Neden mi böyle düşünüyorum ? Çok basit. İlkokul düzeyinde tespitler yapalım şimdi.
Burası Türkiye, dili Türkçe. Tıpkı Fransa ve Fransızca, Almanya ve Almanca, İngiltere ve İngilizce, İspanya ve İspanyolca gibi . . . Doğru mudur ? Doğru.
Gurur duyduğumuz atalarımız üç kıtaya hükmederken elbette dilimize Arapçadan, Farsçadan, Fransızcadan, eski Yunancadan kelimeler girmiş. Bu bir dili başka bir dil yapar mı ? Yapmaz ! Tereddüt var mı ? Yok.

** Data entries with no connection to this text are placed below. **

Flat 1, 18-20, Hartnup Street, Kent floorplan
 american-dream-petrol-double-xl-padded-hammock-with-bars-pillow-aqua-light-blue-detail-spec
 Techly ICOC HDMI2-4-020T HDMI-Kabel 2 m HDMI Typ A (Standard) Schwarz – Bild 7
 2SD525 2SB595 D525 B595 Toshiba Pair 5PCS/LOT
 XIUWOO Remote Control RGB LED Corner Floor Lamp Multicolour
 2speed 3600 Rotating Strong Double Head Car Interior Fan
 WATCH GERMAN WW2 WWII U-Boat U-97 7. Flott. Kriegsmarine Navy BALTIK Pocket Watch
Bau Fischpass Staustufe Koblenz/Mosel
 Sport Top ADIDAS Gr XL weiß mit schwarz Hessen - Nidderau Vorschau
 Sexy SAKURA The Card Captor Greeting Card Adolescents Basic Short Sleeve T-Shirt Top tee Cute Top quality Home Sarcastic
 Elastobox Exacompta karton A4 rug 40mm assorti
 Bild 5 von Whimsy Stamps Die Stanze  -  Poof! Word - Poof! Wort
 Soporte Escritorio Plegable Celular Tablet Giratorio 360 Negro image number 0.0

Varsa en küçük tereddüdün, o zaman şöyle sorayım: Çok basitçe, dedim ya ilkokul düzeyinde. Bugünde dilimize İngilizceden , Arapçadan ve sair dillerden girmiş kelimeler var. Bu dilimizi başka bir dil yapar mı ? Mesela “Türkiyece” demek mümkün mü ? Yada Osmanlı döneminde kullandığımız Türkçeyi Osmanlı’nın kurucusu Osman Gazi’nin adıyla “Osmanlıca” diye anıyorsan, bugün kullandığımız Türkçeyi de Türkiye Cumhuriyetinin kurucusu Atatürk’ün adıyla “Atatürkçe” diye mi anmamız lazım ? Böyle bir komiklik olabilir mi ? Olmaz ! Türkçe Türkçedir. Net mi ? Net.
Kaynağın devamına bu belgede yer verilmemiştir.